-------- SOURCE DATA

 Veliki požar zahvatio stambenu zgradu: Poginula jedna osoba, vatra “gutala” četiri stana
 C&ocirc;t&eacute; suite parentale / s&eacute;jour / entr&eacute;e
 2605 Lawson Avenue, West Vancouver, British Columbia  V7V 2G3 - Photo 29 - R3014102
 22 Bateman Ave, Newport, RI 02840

----------------
-------- SOURCE DATA

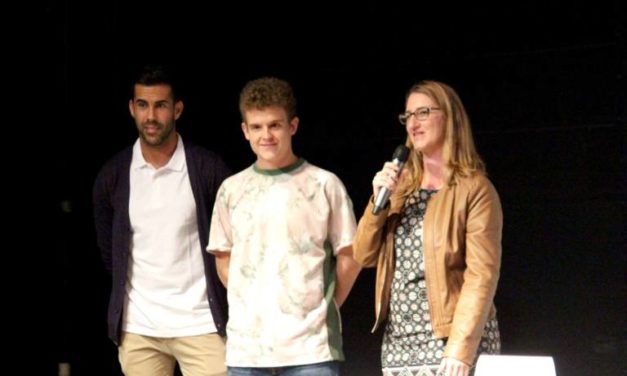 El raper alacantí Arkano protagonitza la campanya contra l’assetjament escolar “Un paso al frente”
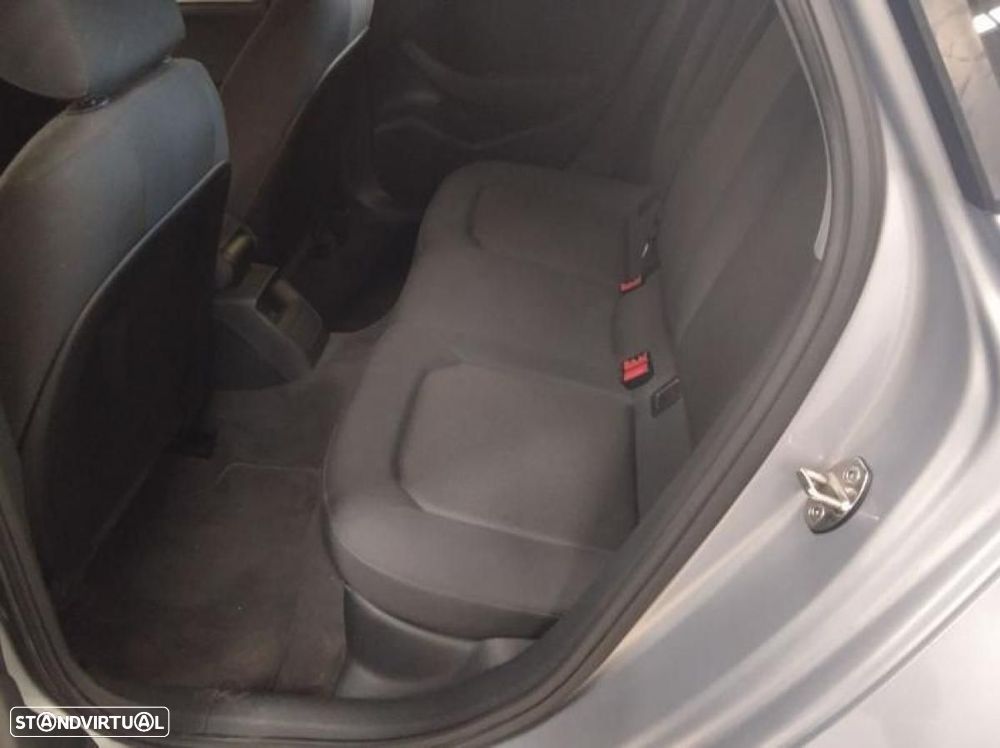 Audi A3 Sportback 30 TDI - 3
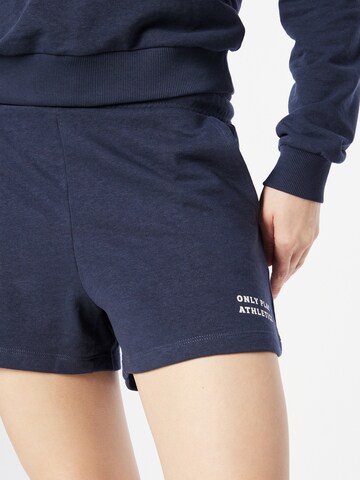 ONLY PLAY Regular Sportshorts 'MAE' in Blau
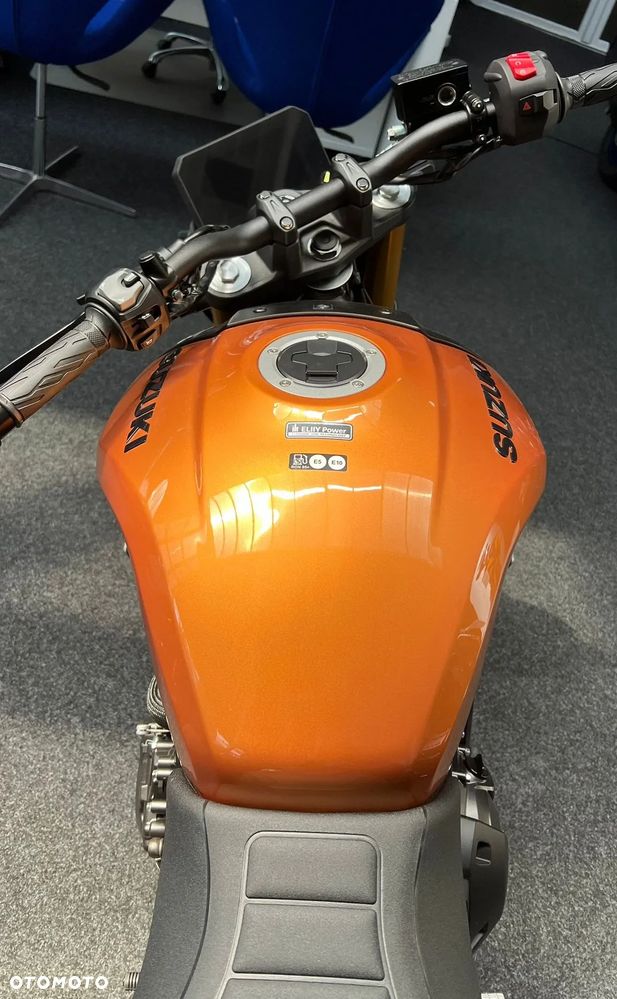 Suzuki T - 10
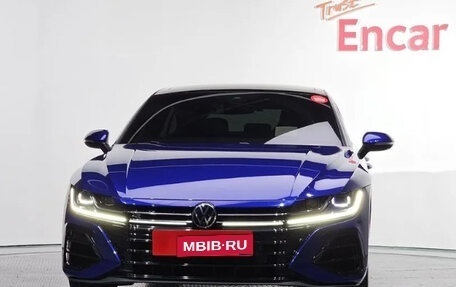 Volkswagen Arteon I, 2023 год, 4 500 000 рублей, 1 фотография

----------------

### WORK TO BE COMPLETED
Print exactly the lines above, between the one holding "Veliki požar zahvatio" and the one holding "22 Bateman Ave, Newport, RI 02840", inclusive, and nothing besides.

### RESULT FOR THIS EXERCISE
 Veliki požar zahvatio stambenu zgradu: Poginula jedna osoba, vatra “gutala” četiri stana
 C&ocirc;t&eacute; suite parentale / s&eacute;jour / entr&eacute;e
 2605 Lawson Avenue, West Vancouver, British Columbia  V7V 2G3 - Photo 29 - R3014102
 22 Bateman Ave, Newport, RI 02840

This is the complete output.